Codice Civile art. 1809 - Restituzione.

Caterina Costabile

Restituzione.

[I]. Il comodatario è obbligato a restituire la cosa [1246 n. 2] alla scadenza del termine convenuto o, in mancanza di termine, quando se ne è servito in conformità del contratto [1810].

[II]. Se però, durante il termine convenuto o prima che il comodatario abbia cessato di servirsi della cosa, sopravviene un urgente e impreveduto bisogno al comodante, questi può esigerne la restituzione immediata.

Inquadramento

La restituzione della cosa al comodante costituisce una obbligazione fondamentale del comodatario, imposta dalla natura temporanea del rapporto.

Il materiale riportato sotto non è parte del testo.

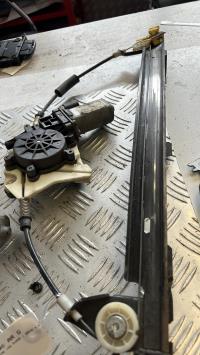 Elevalunas eléctrico trasero izquierdo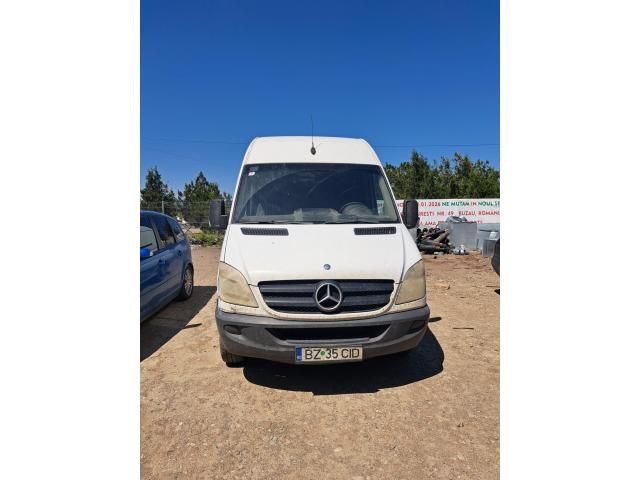 Echipamente de tricotat, cusut și mijloace de transport — imagine 4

Il caso normale è quello del termine del contratto: il comodatario è obbligato a restituire la cosa alla scadenza del termine convenuto e, in mancanza di termine, quando se ne è servito in conformità al contratto (Luminoso, 4).

Il comodatario è inoltre tenuto alla restituzione della res in caso di sopravvenienza di un urgente ed impreveduto bisogno del comodante.

La durata del comodato può risultare sia dalla espressa fissazione di un termine finale sia, implicitamente, dalla delimitazione dell'uso in vista del quale la cosa è stata prestata, nel qual caso il comodato s'intende convenuto per il tempo necessario a farne l'uso stabilito (art. 1809, comma 1).

Al fine di stabilire la durata del comodato in relazione all'uso si devono valutare, di volta in volta, le circostanze del caso concreto, come per esempio la natura della cosa data in comodato, la professione del comodatario e gli interessi e le utilità perseguite dai contraenti (Cass. III, n. 704/2006).

Laddove, nel comodato per uso determinato il giudice pronunci la risoluzione del contratto per essere sopravvenuto un grave ed impreveduto bisogno del comodante, la risoluzione produce i suoi effetti con la sentenza costitutiva, sicché fino a quel momento il comodatario potrà lecitamente detenere la cosa (Cass. III, n. 25356/2015).

Termine del contratto

L'obbligo di restituzione della res sorge fisiologicamente in capo al comodatario allo spirare del termine contrattualmente previsto.

Discussa in dottrina è la possibilità per il comodatario di restituire la cosa anche prima dello spirare del termine (in senso favorevole v. Giampiccolo, in Tr. G. S.-P., 1972, 38; contra Tamburrino, 1004).

Qualora in contratto preveda un termine per la restituzione in via indiretta attraverso l'indicazione di un uso, trascorso il termine ragionevolmente necessario secondo l'uso per l'utilizzo della cosa, questa potrà essere chiesta in restituzione (Teti, 47).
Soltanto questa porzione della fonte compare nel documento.